## AVAILABLE DATA
_ _ _ _
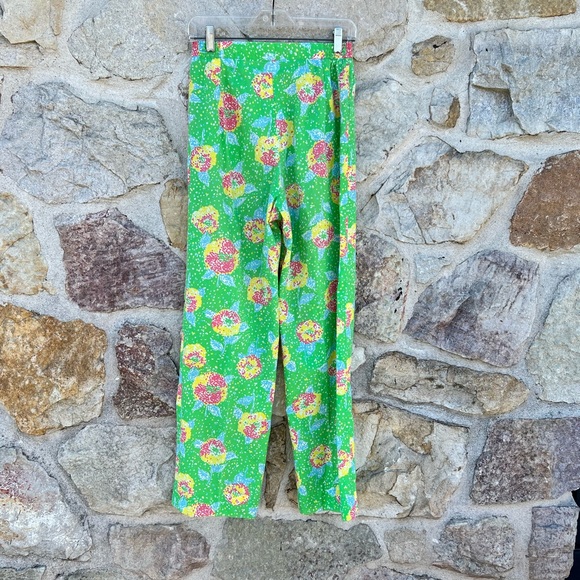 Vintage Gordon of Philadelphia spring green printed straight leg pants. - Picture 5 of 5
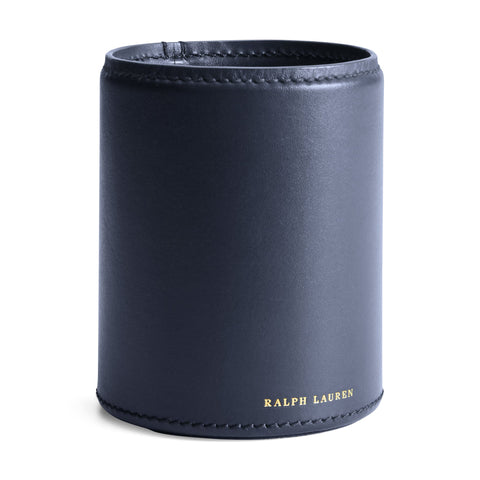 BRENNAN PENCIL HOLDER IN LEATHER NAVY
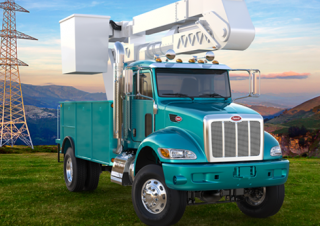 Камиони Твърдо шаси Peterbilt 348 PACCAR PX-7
_ _ _ _
Exclude all images and return the listing word for word.

 Vintage Gordon of Philadelphia spring green printed straight leg pants. - Picture 5 of 5
 BRENNAN PENCIL HOLDER IN LEATHER NAVY
 Камиони Твърдо шаси Peterbilt 348 PACCAR PX-7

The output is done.